特開2011−087958号公報 特開2013−208505号公報 特開2006−043447号公報 特開2005−46613号公報
前記充填材を配合した構成部材を備えたゴルフボールは、反発性が高くなるが、打球感が低下するという問題がある。すなわち、ゴルフボールの構成部材の剛性を高めて、反発性を高めると、打球感が低下する。
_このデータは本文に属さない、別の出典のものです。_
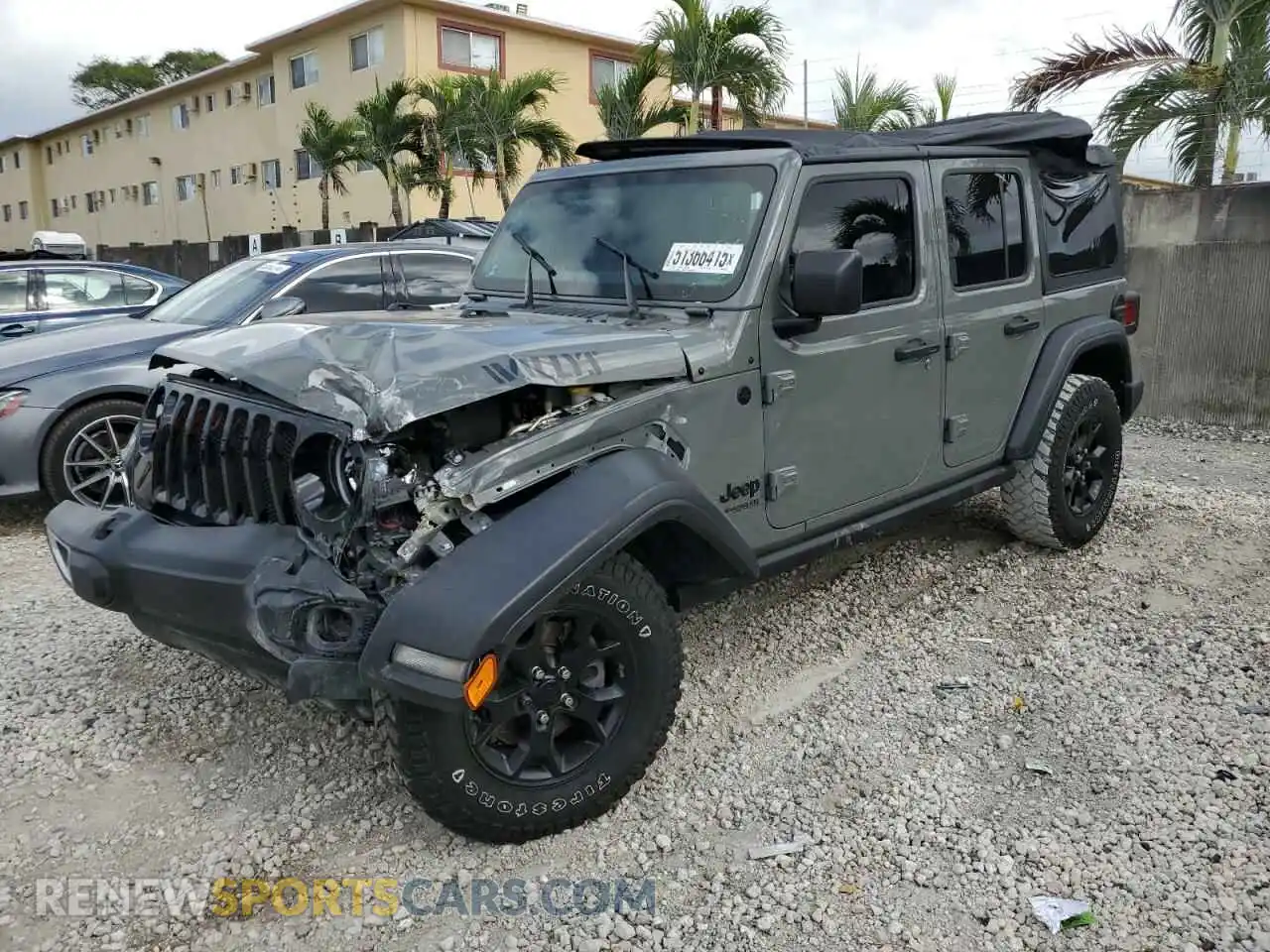 1 Photograph of a damaged car 1C4HJXDM6MW628041 JEEP WRANGLER 2021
そのため、従来のゴルフボール用樹脂組成物では、打球感と反発性とを両立することが困難であった。
本発明は、前記事情に鑑みてなされたものであり、ゴルフボールに優れた打球感と反発性とを付与するゴルフボール用材料、および、これを用いたゴルフボールを提供することを目的とする。
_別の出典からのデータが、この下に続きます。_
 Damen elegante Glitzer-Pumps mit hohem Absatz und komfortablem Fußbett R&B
上記課題を解決することができた本発明のゴルフボール用樹脂組成物は、(A)熱可塑性樹脂と、(B)炭素質フィラーとを混合してなり、前記(A)熱可塑性樹脂が、(a1)オレフィンと炭素数3〜8個のα,β−不飽和カルボン酸との二元共重合体の金属イオン中和物、および/または、(a2)オレフィンと炭素数3〜8個のα,β−不飽和カルボン酸とα,β−不飽和カルボン酸エステルとの三元共重合体の金属イオン中和物を含有し、前記(B)炭素質フィラーが、表面に極性官能基を有し、平均短径0.1μm〜100μm、平均長径0.2μm〜300μm、平均アスペクト比2.0〜1000であることを特徴とする。
本発明によれば、優れた打球感と反発性とを有するゴルフボールが得られる。
アイオノマー樹脂と炭素質フィラーとの混合状態を示す図である。 本発明の一実施態様に係るゴルフボールが示された一部切り欠き断面図である。 曲げ角度と曲げ剛性との関係を示す図である。
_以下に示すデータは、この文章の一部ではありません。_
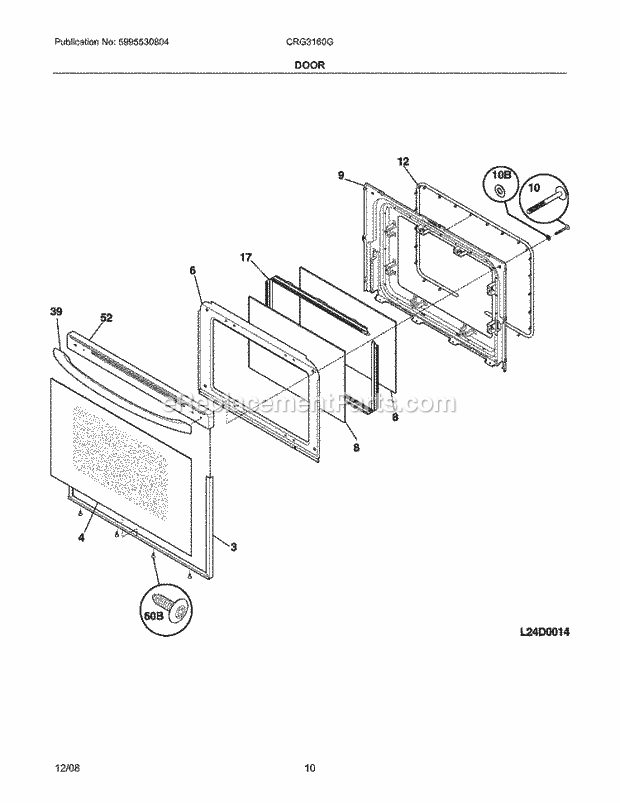 Frigidaire CRG3160GWWD Range Door Diagram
本発明のゴルフボール用樹脂組成物は、(A)熱可塑性樹脂と、(B)炭素質フィラーとを混合することにより得られるゴルフボール用樹脂組成物である。そして、前記(A)熱可塑性樹脂が、(a1)オレフィンと炭素数3〜8個のα,β−不飽和カルボン酸との二元共重合体の金属イオン中和物、および/または、(a2)オレフィンと炭素数3〜8個のα,β−不飽和カルボン酸とα,β−不飽和カルボン酸エステルとの三元共重合体の金属イオン中和物を含有し、前記(B)炭素質フィラーが、表面に極性官能基を有し、平均短径0.1μm〜100μm、平均長径0.2μm〜300μm、平均アスペクト比2.0〜1000、平均厚さが0.3nm〜50nmである。
前記(B)炭素質フィラーを配合することにより、ゴルフボール樹脂組成物の柔軟性を維持したまま、反発性を向上できる理由は以下のように考えられる。図1は、アイオノマー樹脂と炭素質フィラーとの混合状態を示す図である。図1に示すように、アイオノマー樹脂は、近接する分子鎖のカルボキシ基が金属イオン(図1ではMgイオン)により架橋されている。このアイオノマー樹脂に、極性官能基(図1ではカルボキシ基)を有する炭素質フィラーを配合すると、炭素質フィラーの極性官能基と、アイオノマー樹脂の分子中のカルボキシ基とが、金属イオンを介したイオン結合を形成する。これにより、複数の分子鎖が炭素質フィラーによって架橋されることとなり、ゴルフボール樹脂組成物の反発性が向上する。なお、図1ではイオン結合の態様を記載したが、炭素フィラーが有する極性官能基の種類によって、共有結合や水素結合なども形成し得る。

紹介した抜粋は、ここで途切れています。